§ About this task
Ignoring the pictures, copy the data exactly.

[Stored dataset items]
=====
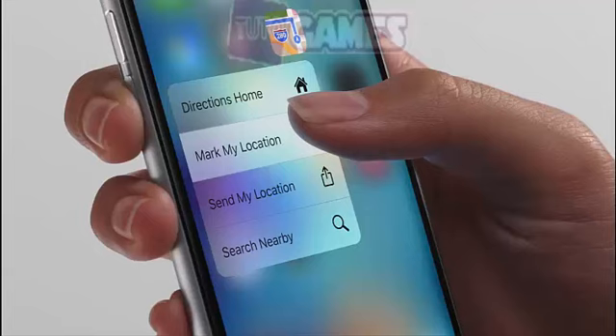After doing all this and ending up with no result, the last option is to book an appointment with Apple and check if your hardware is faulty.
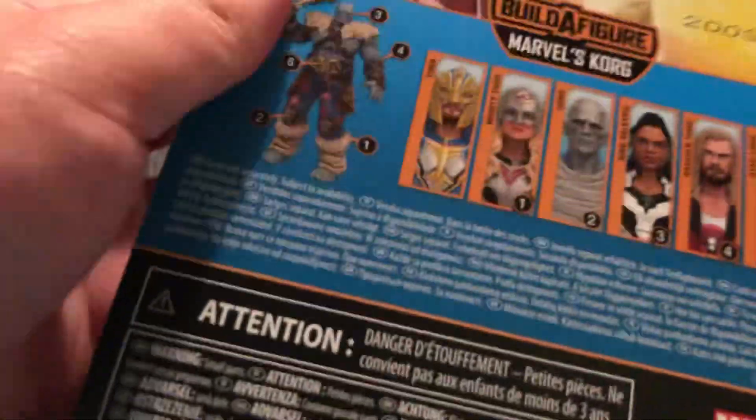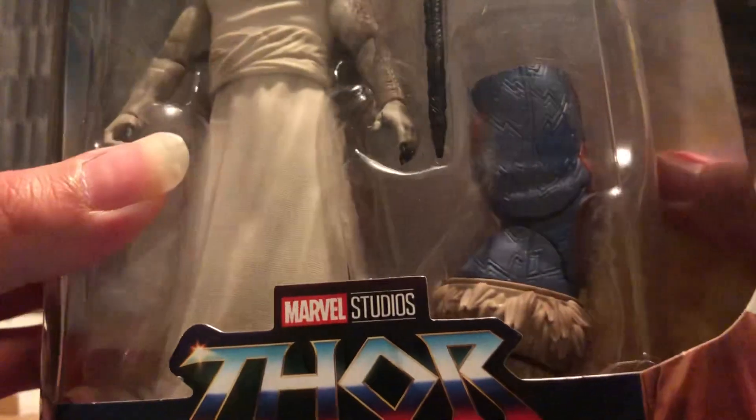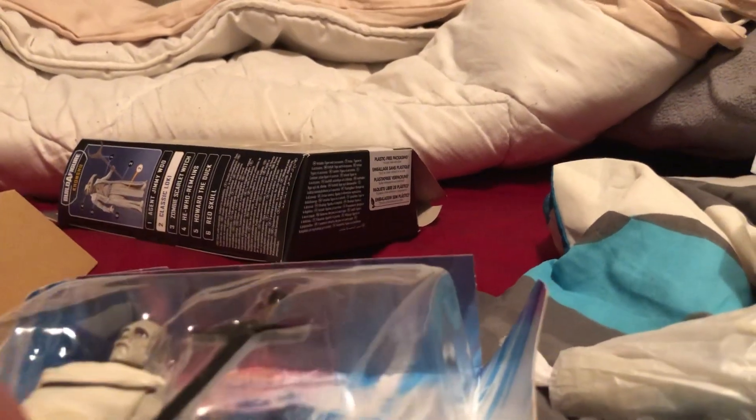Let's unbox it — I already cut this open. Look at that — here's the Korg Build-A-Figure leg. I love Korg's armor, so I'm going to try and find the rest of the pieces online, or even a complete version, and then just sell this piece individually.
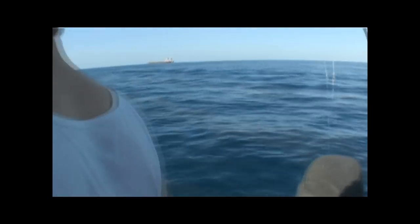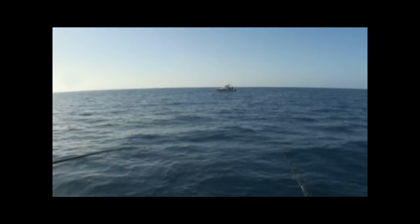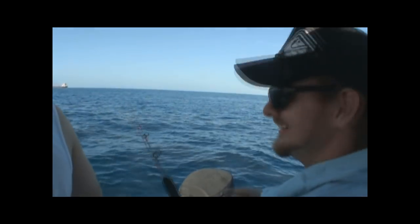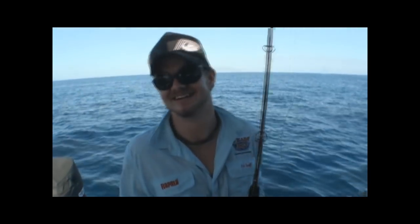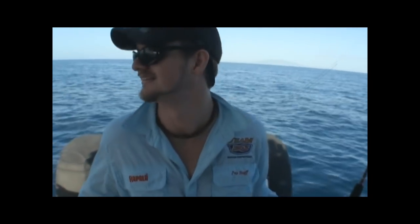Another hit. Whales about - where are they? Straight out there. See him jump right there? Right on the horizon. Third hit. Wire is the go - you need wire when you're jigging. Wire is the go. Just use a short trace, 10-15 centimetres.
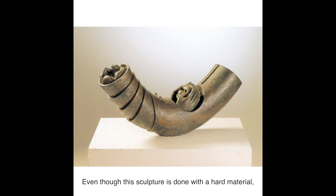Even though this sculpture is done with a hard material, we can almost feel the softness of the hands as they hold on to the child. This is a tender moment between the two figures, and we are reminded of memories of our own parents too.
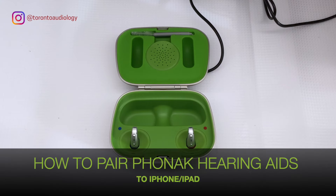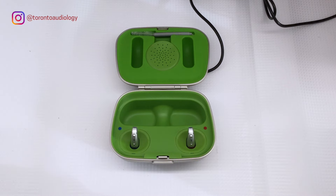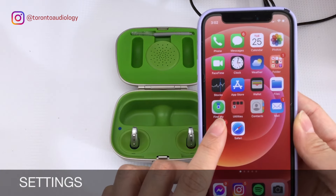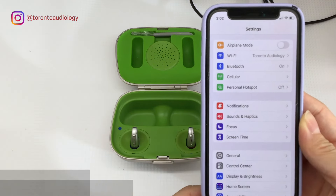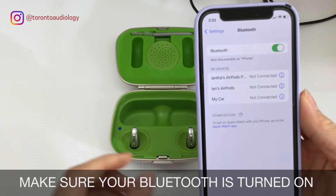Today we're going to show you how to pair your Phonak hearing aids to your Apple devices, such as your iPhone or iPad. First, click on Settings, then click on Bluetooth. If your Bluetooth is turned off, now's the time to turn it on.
=====
§ Response
After doing all this and ending up with no result, the last option is to book an appointment with Apple and check if your hardware is faulty.
Let's unbox it — I already cut this open. Look at that — here's the Korg Build-A-Figure leg. I love Korg's armor, so I'm going to try and find the rest of the pieces online, or even a complete version, and then just sell this piece individually.
Another hit. Whales about - where are they? Straight out there. See him jump right there? Right on the horizon. Third hit. Wire is the go - you need wire when you're jigging. Wire is the go. Just use a short trace, 10-15 centimetres.
Even though this sculpture is done with a hard material, we can almost feel the softness of the hands as they hold on to the child. This is a tender moment between the two figures, and we are reminded of memories of our own parents too.
Today we're going to show you how to pair your Phonak hearing aids to your Apple devices, such as your iPhone or iPad. First, click on Settings, then click on Bluetooth. If your Bluetooth is turned off, now's the time to turn it on.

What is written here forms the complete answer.